Le matin c’est Madame Lebranchu qui a annoncé la création prochaine d’une « Collectivité unique de la Corse » impliquant la suppression des deux départements. Cette disposition sera introduite dans le cadre du projet de loi en débat actuellement à l’ Assemblée Nationale et au Sénat. Les ministres se déclarent prêt à discuter avec les élus corses sur les modalités de cette« grande réforme institutionnelle » et sur les compétences et rencontreront les élus dans ce but avant la fin du mois d’avril.

Par contre, même s’il est déclaré que le gouvernement sera à l’écoute des élus sur tous les sujets, ils se sont déclarés défavorables à d’autres mesures réclamées et votées par les élus concernant par exemple le statut de résident, l’inscription de la Corse dans la constitution ou la co-officialité de la langue,« non envisageable au regard de nos principes républicains… » Pourtant le gouvernement déclare partager « votre objectif » concernant « le développement effectif du bilinguisme ». « Le gouvernement est prêt à étudier plusieurs dispositifs pour favoriser l’apprentissage du corse tout au long du parcours scolaire et universitaire. » est-il affirmé…

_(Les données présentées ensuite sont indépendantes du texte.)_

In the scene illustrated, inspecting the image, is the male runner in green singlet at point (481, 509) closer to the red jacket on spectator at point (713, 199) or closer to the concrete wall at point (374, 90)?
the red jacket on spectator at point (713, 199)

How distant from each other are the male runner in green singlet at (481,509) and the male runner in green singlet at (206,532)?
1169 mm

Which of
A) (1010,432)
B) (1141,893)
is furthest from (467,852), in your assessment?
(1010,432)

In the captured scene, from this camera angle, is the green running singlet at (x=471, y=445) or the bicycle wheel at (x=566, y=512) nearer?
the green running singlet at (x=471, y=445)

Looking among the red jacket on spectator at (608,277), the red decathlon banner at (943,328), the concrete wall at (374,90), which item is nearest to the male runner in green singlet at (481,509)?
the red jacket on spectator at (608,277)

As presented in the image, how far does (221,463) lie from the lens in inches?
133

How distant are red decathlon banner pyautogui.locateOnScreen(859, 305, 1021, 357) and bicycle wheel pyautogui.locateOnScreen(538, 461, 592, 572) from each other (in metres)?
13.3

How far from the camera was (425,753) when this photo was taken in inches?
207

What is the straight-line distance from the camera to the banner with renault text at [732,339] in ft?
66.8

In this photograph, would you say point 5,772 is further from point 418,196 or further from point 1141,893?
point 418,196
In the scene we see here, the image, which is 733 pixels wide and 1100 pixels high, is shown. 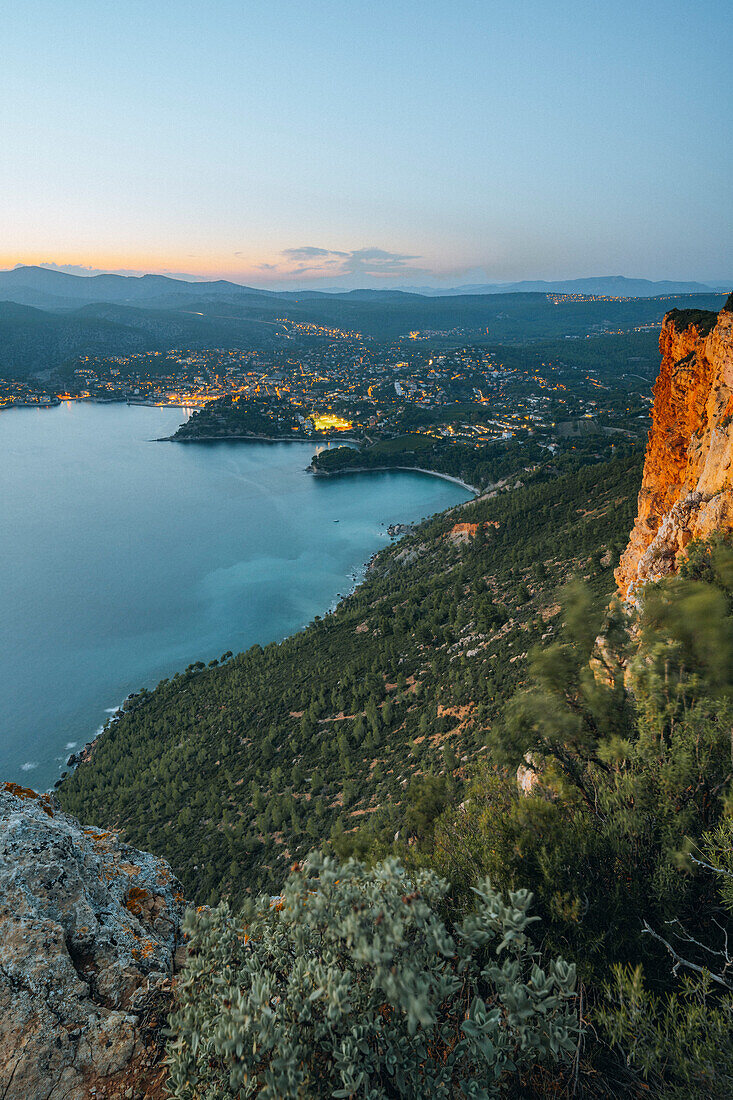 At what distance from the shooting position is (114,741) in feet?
84.8

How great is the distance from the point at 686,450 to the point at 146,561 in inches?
1907

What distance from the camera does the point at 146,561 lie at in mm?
50406

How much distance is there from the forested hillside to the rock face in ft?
16.1

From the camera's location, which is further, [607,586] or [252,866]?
[607,586]

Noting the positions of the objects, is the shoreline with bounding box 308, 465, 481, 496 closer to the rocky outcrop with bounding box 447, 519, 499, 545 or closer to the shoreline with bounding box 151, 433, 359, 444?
the shoreline with bounding box 151, 433, 359, 444

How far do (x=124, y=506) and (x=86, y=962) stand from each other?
230 feet

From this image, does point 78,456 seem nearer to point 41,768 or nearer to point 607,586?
point 41,768

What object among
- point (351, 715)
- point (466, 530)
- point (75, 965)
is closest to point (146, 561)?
point (466, 530)

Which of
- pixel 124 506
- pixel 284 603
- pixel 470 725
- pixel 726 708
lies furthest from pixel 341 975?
pixel 124 506

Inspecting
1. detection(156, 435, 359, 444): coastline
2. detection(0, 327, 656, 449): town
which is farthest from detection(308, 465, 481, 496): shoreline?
detection(156, 435, 359, 444): coastline

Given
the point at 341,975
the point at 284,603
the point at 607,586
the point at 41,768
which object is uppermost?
the point at 341,975

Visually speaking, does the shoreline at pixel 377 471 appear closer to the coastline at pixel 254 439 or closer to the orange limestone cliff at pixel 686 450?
the coastline at pixel 254 439

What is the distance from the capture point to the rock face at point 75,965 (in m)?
2.98

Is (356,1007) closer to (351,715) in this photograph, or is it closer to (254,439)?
(351,715) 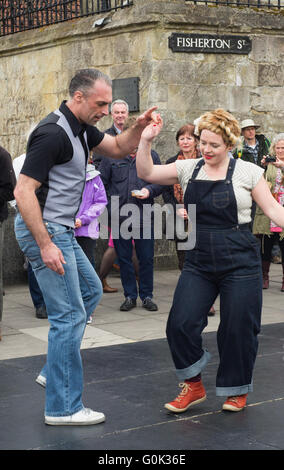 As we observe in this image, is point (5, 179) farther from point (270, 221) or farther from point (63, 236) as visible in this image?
point (270, 221)

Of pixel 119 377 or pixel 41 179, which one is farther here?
pixel 119 377

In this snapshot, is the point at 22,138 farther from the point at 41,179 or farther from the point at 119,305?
the point at 41,179

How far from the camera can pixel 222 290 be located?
4.88 meters

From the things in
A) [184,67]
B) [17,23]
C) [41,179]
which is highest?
[17,23]

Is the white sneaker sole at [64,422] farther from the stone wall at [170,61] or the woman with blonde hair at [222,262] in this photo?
the stone wall at [170,61]

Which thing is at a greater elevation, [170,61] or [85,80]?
[170,61]

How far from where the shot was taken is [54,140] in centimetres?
440

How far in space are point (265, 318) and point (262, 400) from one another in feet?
9.67

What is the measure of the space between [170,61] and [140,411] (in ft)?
23.2

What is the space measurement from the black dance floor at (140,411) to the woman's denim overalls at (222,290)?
27 cm

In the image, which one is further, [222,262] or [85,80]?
[222,262]

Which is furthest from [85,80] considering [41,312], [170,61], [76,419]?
[170,61] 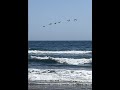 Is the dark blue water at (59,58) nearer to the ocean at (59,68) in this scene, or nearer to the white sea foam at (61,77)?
the ocean at (59,68)

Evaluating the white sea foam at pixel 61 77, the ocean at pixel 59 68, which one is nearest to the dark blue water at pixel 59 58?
the ocean at pixel 59 68

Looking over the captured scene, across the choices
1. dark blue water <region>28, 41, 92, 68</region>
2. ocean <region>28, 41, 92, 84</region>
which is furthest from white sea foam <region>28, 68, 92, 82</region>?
dark blue water <region>28, 41, 92, 68</region>

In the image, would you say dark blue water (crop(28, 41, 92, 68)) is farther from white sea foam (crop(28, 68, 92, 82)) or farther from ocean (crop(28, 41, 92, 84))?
white sea foam (crop(28, 68, 92, 82))

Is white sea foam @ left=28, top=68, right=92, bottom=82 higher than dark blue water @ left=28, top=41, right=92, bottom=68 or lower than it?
lower

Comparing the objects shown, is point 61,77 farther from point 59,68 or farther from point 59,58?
point 59,58

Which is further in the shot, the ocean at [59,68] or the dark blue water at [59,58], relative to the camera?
the dark blue water at [59,58]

Par ailleurs « il va mettre en œuvre le processus de ratification de la Charte européenne des langues régionales ou minoritaires… » affirment-ils encore !

Ce même jour, l’après-midi, c’est le ministre de l’Intérieur de la République (pas celui de l’Education… comme c’est curieux…) qui a inauguré un centre d’immersion linguistique à Bastelica, financé en partie par l’État en collaboration avec l’académie de Corse et la Collectivité Territoriale de la Corse (CTC), dont le but est « de permettre aux élèves de bénéficier d’une utilisation de la langue selon la méthode de l’immersion linguistique. » Remarquons que les 39 articles que la France ratifierait éventuellement ne permettent pas l’immersion.

Les élus des divers groupes de la CTC ont exprimé leurs opinions. Satisfaction unanime sur cette première mesure, puis observations sur les autres sujets qui resteraient sur la table de négociation pour les uns (PS et UMP) et regrets des nationalistes du surplace qui continue sur ces autres sujets.